Rather than sit back and jump her opponents on the climbs, Pooley appeared to sit on the front of the lead group in an attempt to ride her opponents off her wheel, a tactic which ultimately failed when she finished 14th in the road race.
"I was disappointed with how I rode at the World Championships this year," admits Pooley. "If I wasn't then what would be the point in carrying on. I do feel strongly that I missed an opportunity and I could have done really well on a course that suited me but then it is only a bike race.
"I was one of the favourites so everyone watched my every move but I also put more pressure on myself and didn't race very smartly because of that. For various reasons I wasn't having a very good day physically," she adds.
The fact that it was the biggest race of the year and the only women's race that is televised internationally made her even more annoyed with her own performance. "The viewing public in the UK only see the world championships and when I went back there on holiday the week after every cyclist I met said, 'oh you're so stupid, you should have won'. They think I'm an idiot because they only saw me in that one race... I don't always ride like that and people have not seen the races where I was smart, which makes it frustrating," Pooley explains.
Looking ahead to the 2010 racing season Pooley isn't afraid to admit that she wants to win either the Giro d'Italia or the Tour de l'Aude. "I wasn't really good enough to win either of those this year and when you are on a strong team you have to improve enough to show the team why they should help you win."
The thought of racing at the 2012 London Olympics also inspires Pooley. "I'd love to race in our home Olympics but it's such a long way off and there are lots of good youngsters coming through so I cannot guarantee that I will be selected. At the time of the Athens Olympics  I wasn't even a cyclist and then I was selected for Beijing just four years later, so you just don't know what is going to happen or who is going to step-up to international racing," she says.
Off the bike Pooley continues to work towards her PhD in soil engineering. "I have to study in the autumn and winter; racing means I just don't have the time with all the travelling," she explains. "The university authorities are fine with me putting my studies on hold during the racing season. My [PhD] boss is President of the British Triathlon Association so she understands."

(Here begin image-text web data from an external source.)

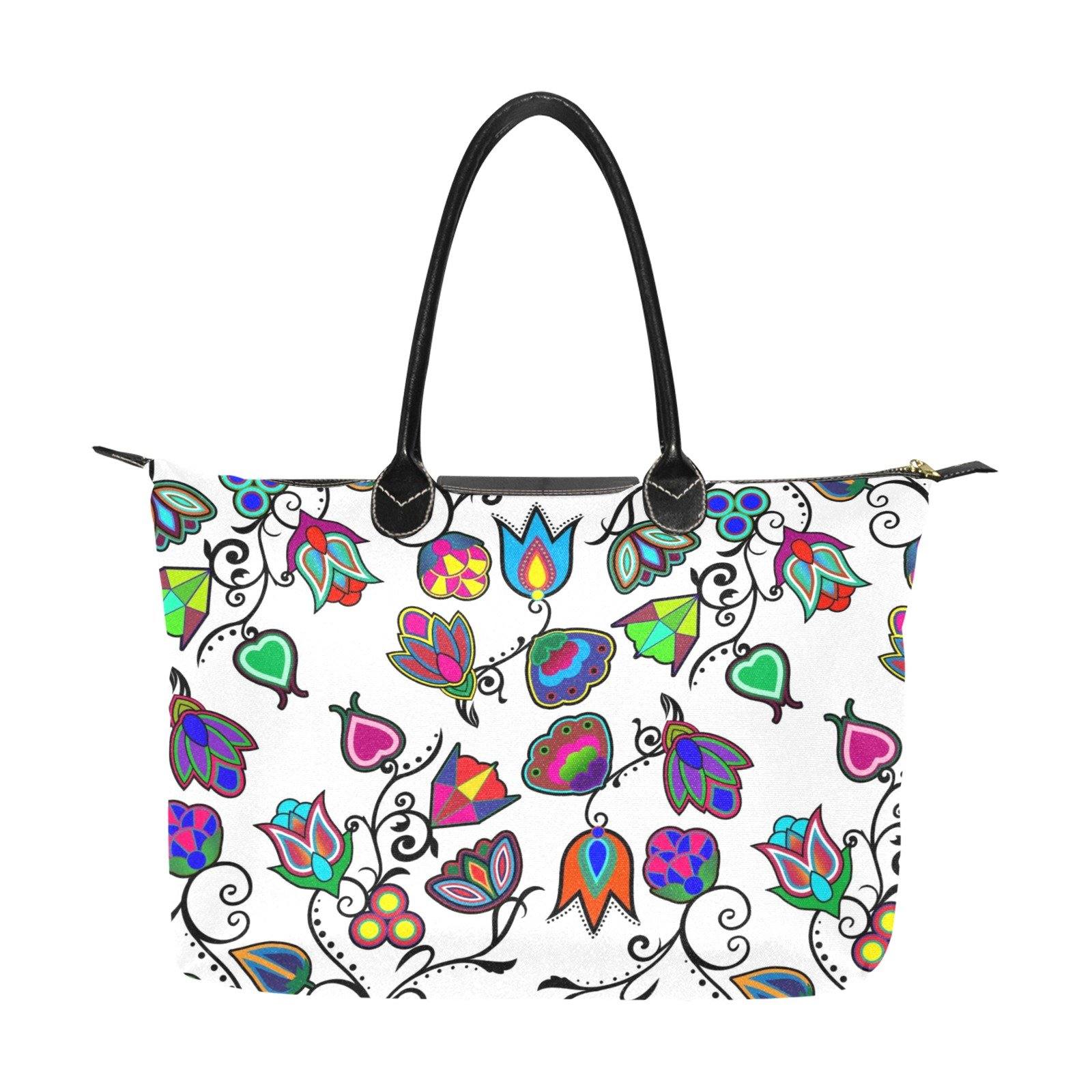 Indigenous Paisley White Single-Shoulder Lady Handbag (Model 1714) bag e-joyer 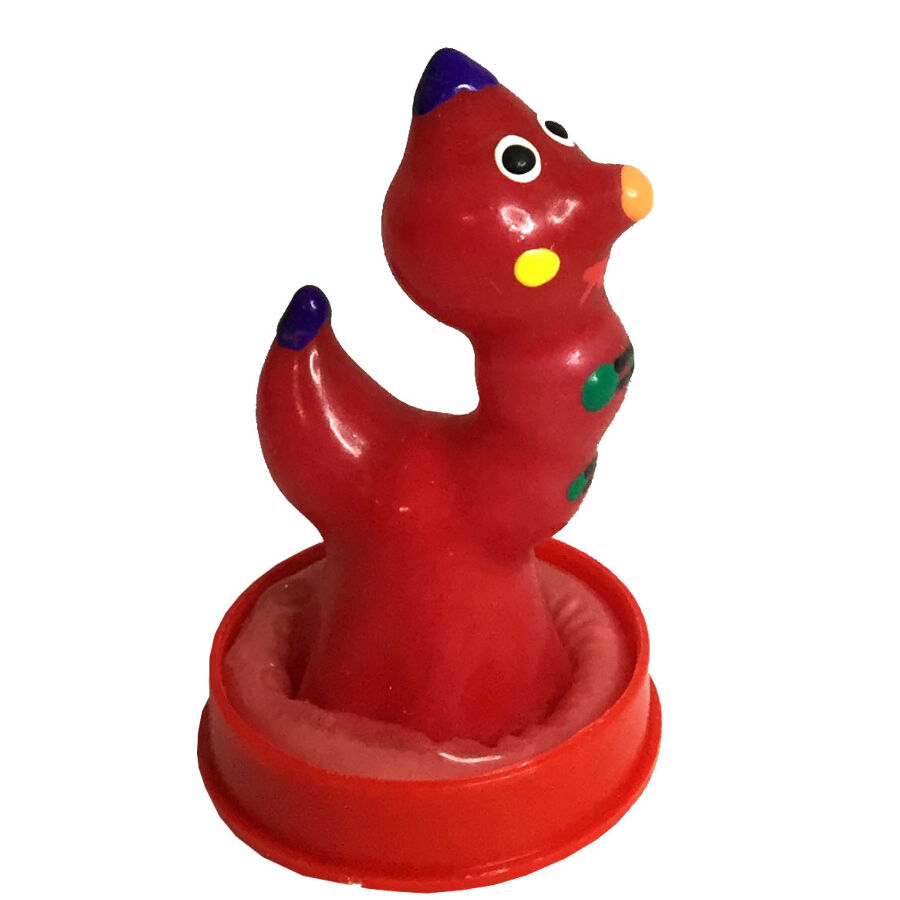 Alternative view of CONDOMERIE - HANDPAINTED NOVELTY CONDOMS WORM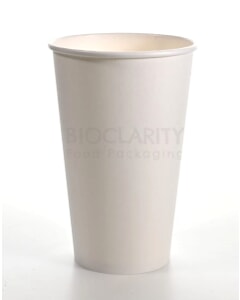 Single Wall Hot Cup PE Lined White 16oz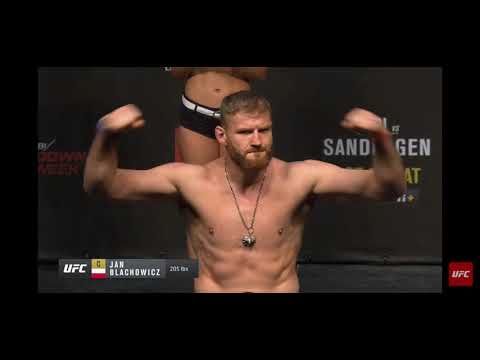 Jan Blachowicz Glover Teixeira official weigh-in ceremony UFC 267 HD full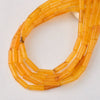 Natural Crystal Stone And Synthetic Stone Cylindrical Loose Beads For Jewelry Accessories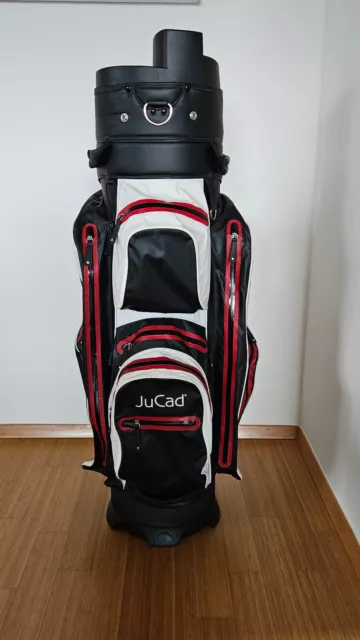 JuCad Bag Manager Dry Schwarz Weiß Rot wasserdicht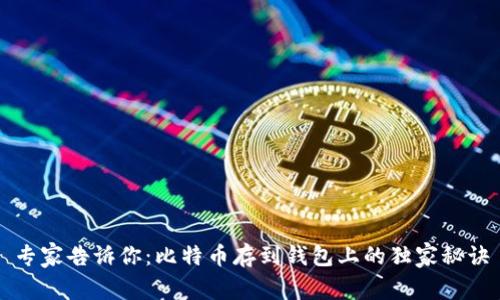 专家告诉你：比特币存到钱包上的独家秘诀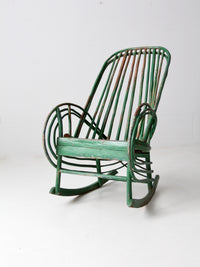 antique twig rocking chair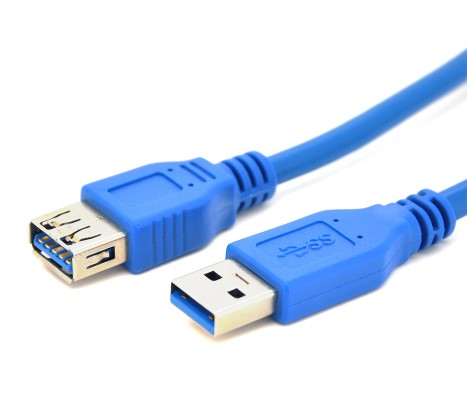 Кабельний подовжувач Voltronic 00326 USB 3.0 A (тато)  -  USB 3.0 A (мама) 3m Blue Voltronic - купити в Україні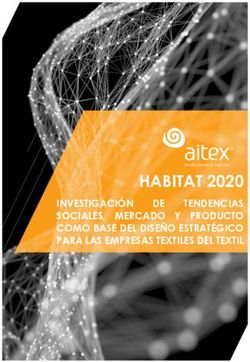 HABITAT 2020 INVESTIGACIÓN TENDENCIAS - Aitex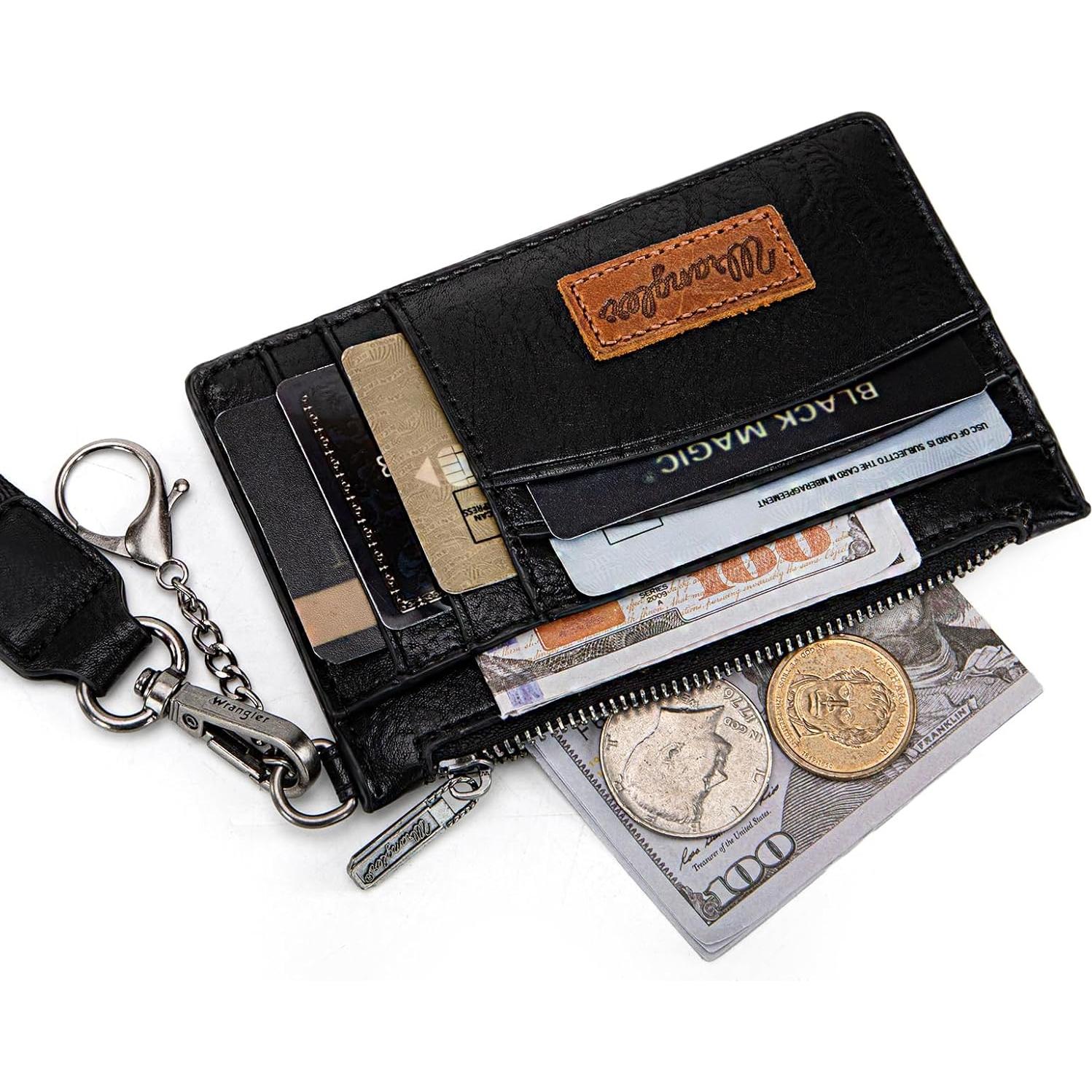 Titular de Tarjeta Montana West Wrangler Negro RFID 6 Ranuras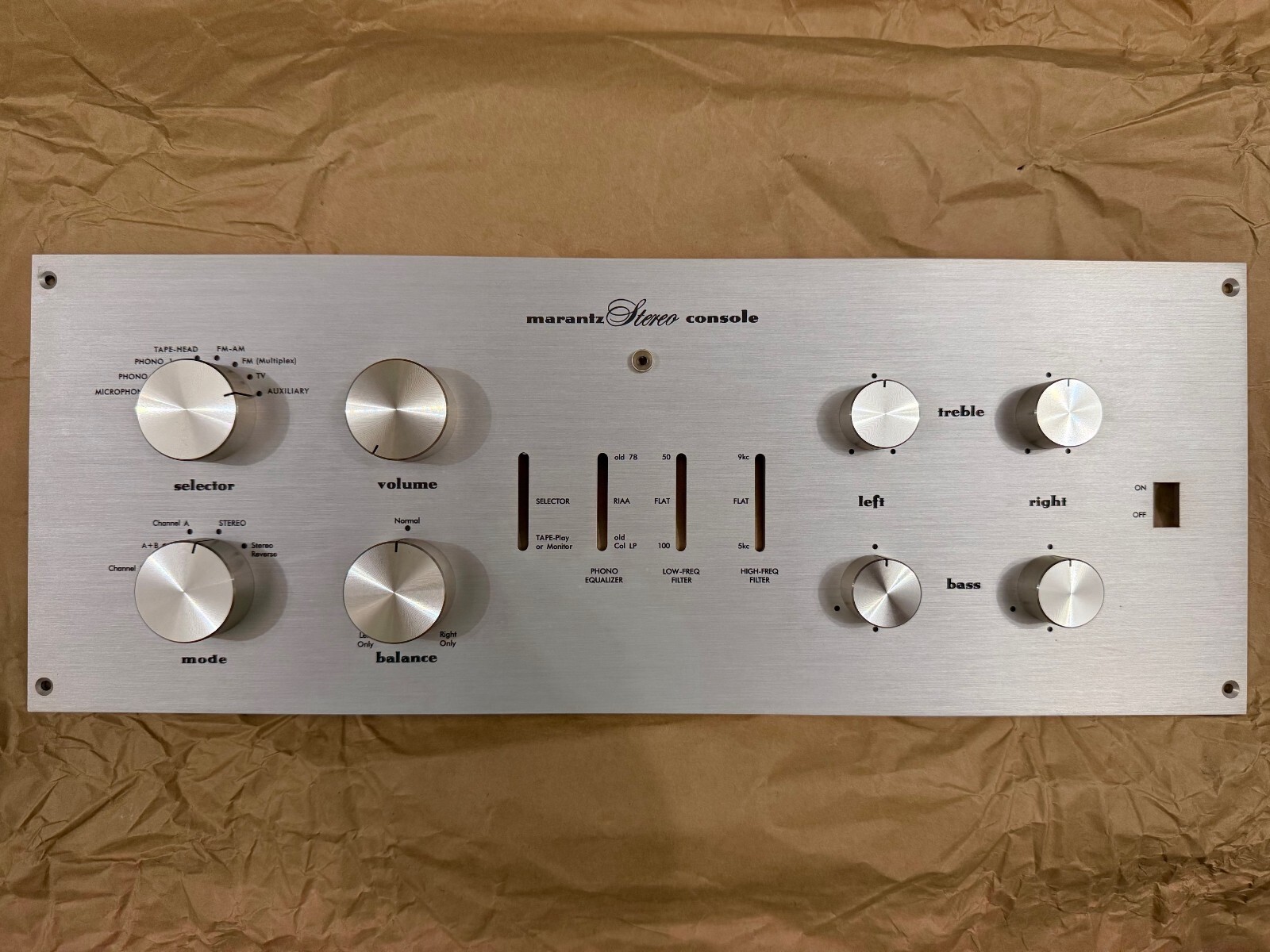 Marantz 7c 7 tube preamplifier volume balance selector mode knob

There is also the possibility that her sporting focus could turn full-circle back to multi-sport based events. "If I were to go back to triathlon I would like to do long course and half-ironman events, it's something I'm considering for when I stop cycling competitively. I like the self-challenge that triathlon gives you. I know I'm not that good so there will be no pressure on me and I can just do it for fun," she says, although you get the feeling that Pooley is having a little too much fun to give up the bike just yet.